Tod Browning's 1931 adaptation of Bram Stoker's novel. Lon Chaney Snr. was originally lined up for the part, but died in 1930, and short of bringing him back from the dead - a feat which even a horror studio like Universal were incapable of - another actor had to be found. Enter, an unknown Hungarian stage and screen actor by the name of Bela Lugosi! Lugosi had played Dracula on Broadway in 1927 and toured it for two years the rest is neck-biting history!

On our first sighting of the Count, the infamous, 'I am Dracula, I bid you welcome,' scene, as he descends the stairs of his castle to greet Renfield, Lugosi looks like he's dressed for dinner. As though he's about to dine. Well in a way he is - on Renfield's blood! This dinner jacket and cape look would become the look most synonymous with Dracula.

During the beginning of the film, we get the impression that all is not right with the mysterious Count. He casts no reflection in the mirror and he never drinks - wine. When he takes an unhealthy interest in Renfield's blood, after his guest cuts himself, it should have sent alarm bells ringing. Anyone with any sense would smell a rat - or should that be a bat? - and leg it out of that creepy castle prompto!

Renfield next stumbles upon the Count's three wives (horror of horrors, Drac is not only a vampire - but a bigamist too!)

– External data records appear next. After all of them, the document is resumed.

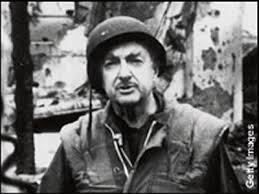 walter cronkite vietnam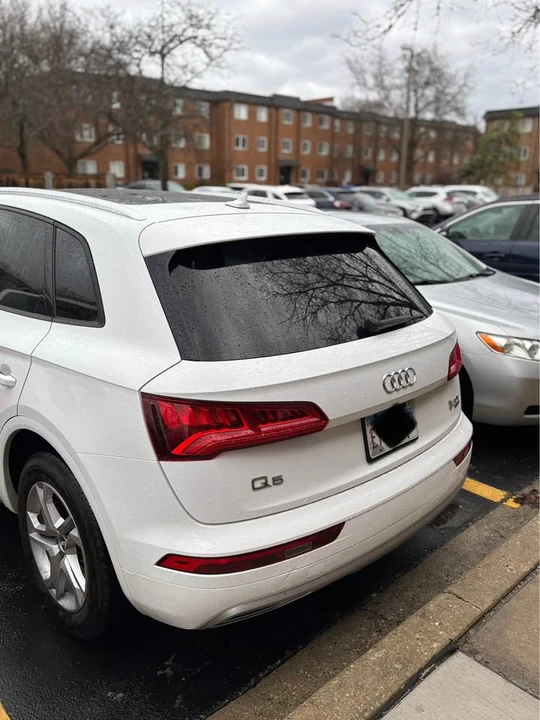 2018 Audi FY Q5 - Image 2 of 8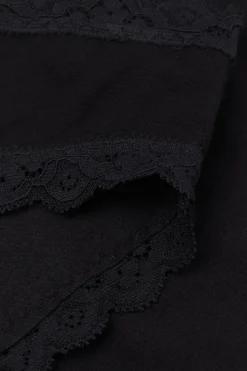 Cotton and Lace Panties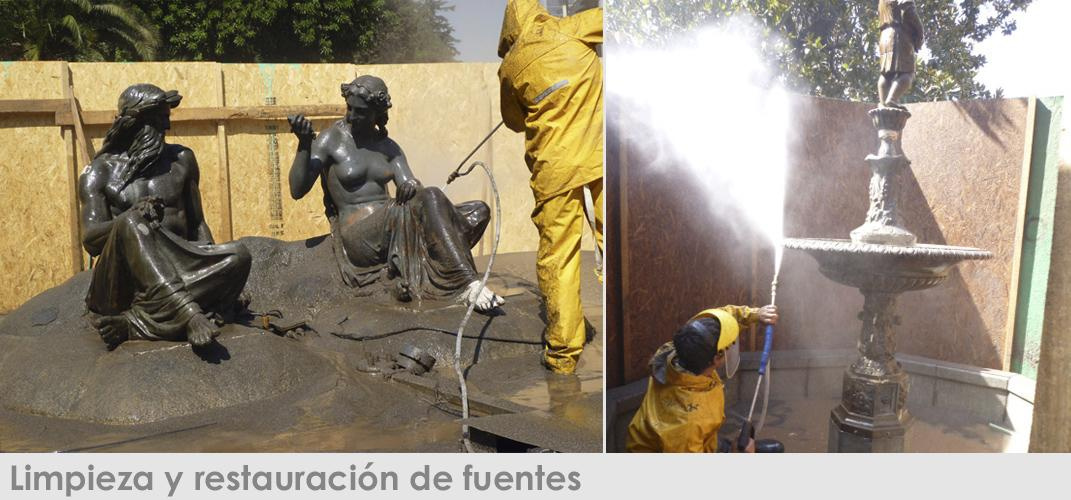 limpieza-restauracion-fuentes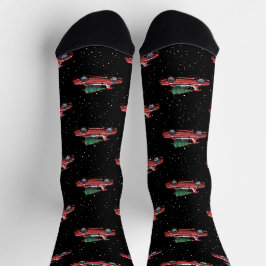 Weihnachtsgeschenk Nissan Silvia Coupe S13 Socken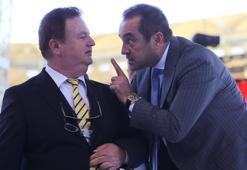 Fenerbahçe seçim kongresinde gergin anlar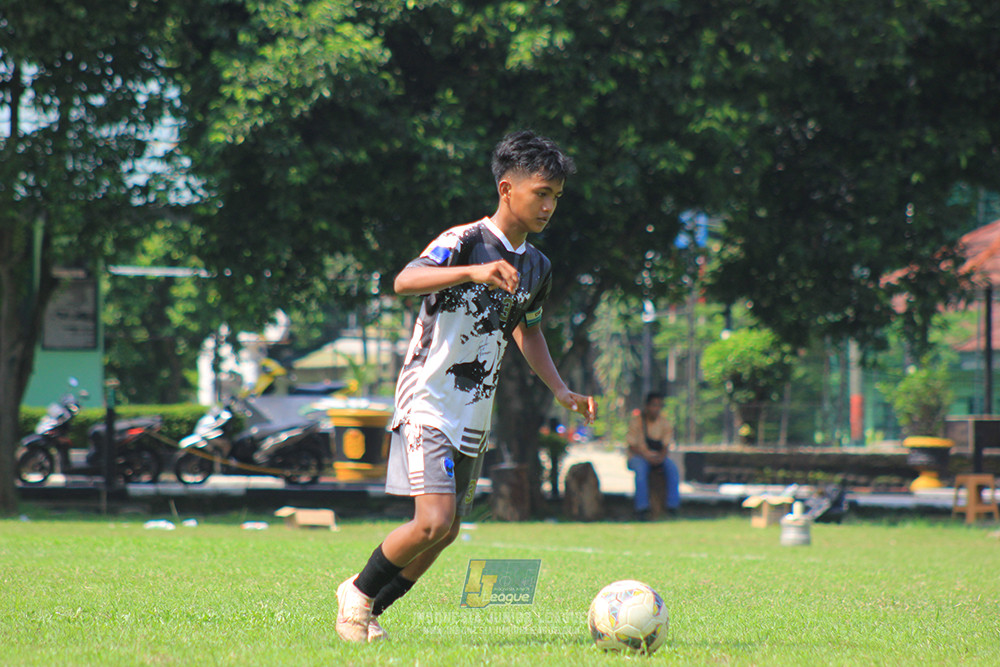 ijl u13 190725 putra muda balaraja vs el zeds fc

When a ship is shipwrecked off the coast of Whitby, Renfield is found grinning madly, the lone survivor, and is banged up in the local loony bin. Here he develops a fondness for eating flies and spiders (especially - the fat juicy ones!)

Dracula arrives in London and stalks the streets for young women to satisfy his hunger (for blood that is - what else?) In one scene a girl selling flowers becomes a victim after trying to sell him a flower. 'Flower for your buttonhole, sir?' she asks. Lugosi hypnotise her and bends in the direction of her neck.

Bite to your neck, madame?

He sets up residence in the abbey next to the sanatorium where Renfield has got himself banged-up. He befriends Dr Seward, his daughter Mina, her fiancÚ Jonathan Harker, and her friend Lucy.

One night while Lucy is staying at their house a bat flies into Lucy's room while she sleeps. The bat transforms into the Count who then takes a generous sup of her blood.

After Van Helsing examines the puncture marks on Lucy's neck, he says that they are the same marks found on the murder victims around London, and that it is the work of a vampire.

Of course our Dr Seward doesn't believe him.

Next the Count, in bat form again, flies into Mina's bedroom window (handy trick that!) and helps himself to her blood too.

Seward still doesn't believe Helsing's talk of vampires, until the Count visits him one night and notices that he cannot be seen in a mirror (oops - the game's up Drac!) Now all that's left to do is for Van Helsing to drive a stake though the thirsty vampire's heart and get rid of the fiend forever (well at least until the sequels, endless remakes, etc.)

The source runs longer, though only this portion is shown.